They represent only a fraction of the approximately 60,000 Jews in service, but their colleagues, whether they serve on the front or in the rear, are being similarly provided with collective feasts. Normally they would have been permitted a full week’s leave to spend Passover with their families and friends. Their scheduled furloughs were cancelled, however, soon after the German invasion of Scandinavia.

So here they are in the Vosges Mountains, gathered in townships from which the civil populations had been evacuated at the outbreak of the war. In this town, an Alsatian Jewish soldier, Rene Muller, conducts the Passover services. The Sefer Torah, which had been taken from the local synagogue when the population was evacuated, has been brought back to remain with the Army for the entire week of Passover.

The synagogue, which had been closed, is reopened for the week so that Jewish soldiers from nearby frontier points may be able to come here for Passover services. Collective Seders and services are being held directly behind the Maginot Line, all over Alsace-Lorraine in synagogues which had been closed since the beginning of the war because of the evacuation of civilian populations.

In the Polish and Czech legions, collective services are being conducted by field rabbis.
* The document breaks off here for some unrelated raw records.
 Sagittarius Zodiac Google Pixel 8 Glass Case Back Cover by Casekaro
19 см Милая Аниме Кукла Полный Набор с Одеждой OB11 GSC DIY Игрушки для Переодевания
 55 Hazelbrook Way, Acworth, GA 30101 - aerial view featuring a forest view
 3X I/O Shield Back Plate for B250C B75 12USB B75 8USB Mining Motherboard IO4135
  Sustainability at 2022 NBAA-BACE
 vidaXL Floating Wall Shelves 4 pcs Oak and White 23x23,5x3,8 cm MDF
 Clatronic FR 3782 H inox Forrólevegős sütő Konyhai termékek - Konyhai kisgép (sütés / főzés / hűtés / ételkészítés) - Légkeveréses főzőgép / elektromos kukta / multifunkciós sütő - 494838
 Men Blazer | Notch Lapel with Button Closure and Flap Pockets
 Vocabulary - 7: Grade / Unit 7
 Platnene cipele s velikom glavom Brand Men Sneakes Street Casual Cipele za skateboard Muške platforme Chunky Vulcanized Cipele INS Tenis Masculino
Some Jewish soldiers in the Polish forces are permitted to visit their relatives in Paris.

Not forgotten are the Jewish troops in the French Foreign Legion in Algiers and Morocco. Only a few months ago they were German and Austrian refugees held in internment camps. In Algiers, the Jewish community has allocated 10,000 francs to supply 1,500 Jewish legionnaires in Algiers with matzoth.

Provision has also been made for the civilian Jewish populations evacuated from front line towns. Fifteen thousand kilograms of matzoth have been shipped by the Jewish Consistory of France to the Jewish community in Peripueux, where many Jewish evacuees from Alsace have found shelter. Some will receive the unleavened bread free and others at reduced prices.
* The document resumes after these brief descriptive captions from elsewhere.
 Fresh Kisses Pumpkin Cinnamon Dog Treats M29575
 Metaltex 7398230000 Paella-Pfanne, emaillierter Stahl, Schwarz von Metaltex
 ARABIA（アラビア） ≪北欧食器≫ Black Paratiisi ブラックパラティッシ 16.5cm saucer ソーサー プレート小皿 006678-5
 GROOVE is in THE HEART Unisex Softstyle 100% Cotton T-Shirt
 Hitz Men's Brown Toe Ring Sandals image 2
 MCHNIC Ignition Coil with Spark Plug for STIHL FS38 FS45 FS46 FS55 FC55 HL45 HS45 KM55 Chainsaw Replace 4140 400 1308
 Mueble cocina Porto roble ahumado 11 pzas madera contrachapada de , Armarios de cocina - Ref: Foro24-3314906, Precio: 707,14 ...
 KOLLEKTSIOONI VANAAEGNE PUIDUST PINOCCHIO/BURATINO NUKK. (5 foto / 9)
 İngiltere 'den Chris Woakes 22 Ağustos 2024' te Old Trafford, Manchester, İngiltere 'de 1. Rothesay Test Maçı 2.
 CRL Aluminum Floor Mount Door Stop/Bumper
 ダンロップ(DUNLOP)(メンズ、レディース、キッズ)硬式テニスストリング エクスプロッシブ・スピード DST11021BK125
Similar provision has been made for the Jewish inhabitants of Strasbourg, who have been evacuated to La Chatre, where the local municipality has put a building at their disposal to serve as a synagogue for the duration of the war. Jews evacuated from the Moselle and Lower Rhine sections have also been provided with Passover food in the interior and arrangements have been made for them to hold religious services.

This year thousands of Jews are celebrating Passover–the festival of liberation–not in holiday attire but in gray and khaki uniforms in which they are fighting, they feel, for a new liberation.

Incidentally, for the first time in the history of Franco-German warfare, the French Government has been spared the necessity of making special arrangements this Passover for providing Jewish war prisoners with Passover food. Although a substantial number of German war prisoners have been taken by the French Army since the outbreak of the war, there is not a single Jew among them since Jews are barred from the Nazi military forces.